With his plump little figure, his clown-like face, his expression a mix of dopey bewilderment and consternation, and a thick Milanese accent, Renato Pozzetto was the poetic fool of Italian comedy, the designated fall-guy of a genre that was sadomasochist par excellence, in which domination-submission relationships provide the basis for a multitude of situations anchored in Italy’s socio-cultural and political realities. Far removed from the hysterical over heated theatricality of the great Italian actors, his hangdog air and plump figure gave him a kind of ingenuous serenity. He is the ultimate man without qualities but with a child-like and unusual personality, and a far less assertive masculinity than that of Gassman, Tognazzi etc, which gifted filmmakers such as Lattuada, Bolognini and Festa Campanile were able to use to great effect.
From 1974 on, he made one film after another: notable performances include La poliziota by Steno (1974) – a director with whom he was to work often – and with Mariangela Melato, in René Clément’s La baby sitter (1975)…
In the 70s and 80s, Pozzetto became one of the leading lights in « low » Italian comedy alongside Lando Buzanca, Luigi Poretti, Lino Banfi, Tomas Milian, Adriano Celentano, Alvaro Vitali …
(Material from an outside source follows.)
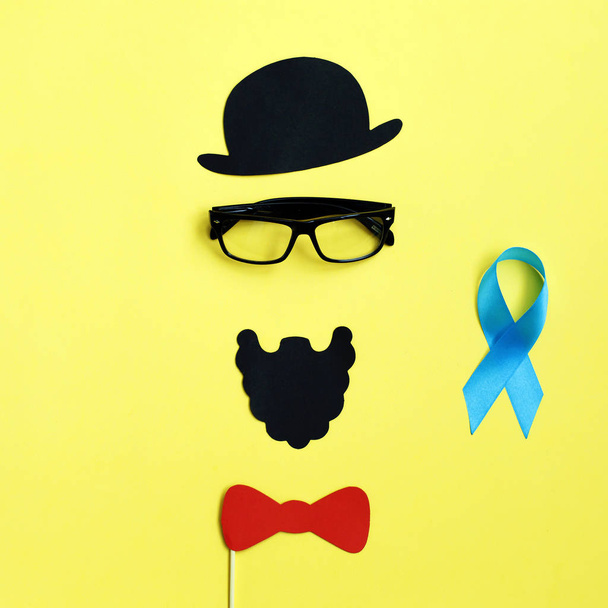 изображение человека на бумаге. Шляпа в солнечных очках и голубая лента. Концепция рака предстательной железы
 - Фото, изображение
A regular in popular comedies, in which he excelled, Pozzetto also worked with some of the best auteurs in the genre: Dino Risi with I’m Photogenic (Io sono fotogenico, 1980), his finest role, that of a provincial obsessed by movies who dreams of becoming an actor despite an obvious lack of talent. Alberto Lattuada with Oh Serafina ! (1976, a libertarian masterpiece); Steno, Sergio and Bruno Corbucci, Pasquale Festa Campanile also knew how to maximise his comedic talent and unusual personality. Like many other Italian actors, Pozzetto turned his hand to directing with varying degrees of success, making really fascinating films such as Saxophone (1979) and Un amore su misura (2007) Pozzetto’s swansong to comic art, and a disenchanted fable worthy of a Marco Ferreri, about a society obsessed with the pleasure principle and appearances, in which a man can buy the woman of his dreams. As Locarno’s Artistic Director, and a lover of Italian comedy, I am delighted to welcome one of its last great exponents, and the star of some of my favourite films in the genre, Oh Serafina! and I am Photogenic, along with the very odd Gran Bollito (1977) by Mauro Bolognini… and a transvestite cast, the amusing Nessuno e perfetto (with the sublime Ornella Muti to whom we are also paying tribute at Locarno this year) and Salvatore Sampieri’s delirious Stormtroopers (Sturmtruppen, 1976), which revives the surrealist humour of Pozzetto’s cabaret shows… So many cult films featuring an actor to be rediscovered and celebrated, thanks to the Festival del film Locarno and a special issue of the Italian film magazine Nocturno that will be published just prior to the Festival.
Renato Pozzetto will be with us on the Piazza Grande stage for the end of the festival this evening. Before then, in the early afternoon, the public are invited to attend a conversation with the actor, moderated by Manlio Gomarasca, editor of the magazine Nocturno.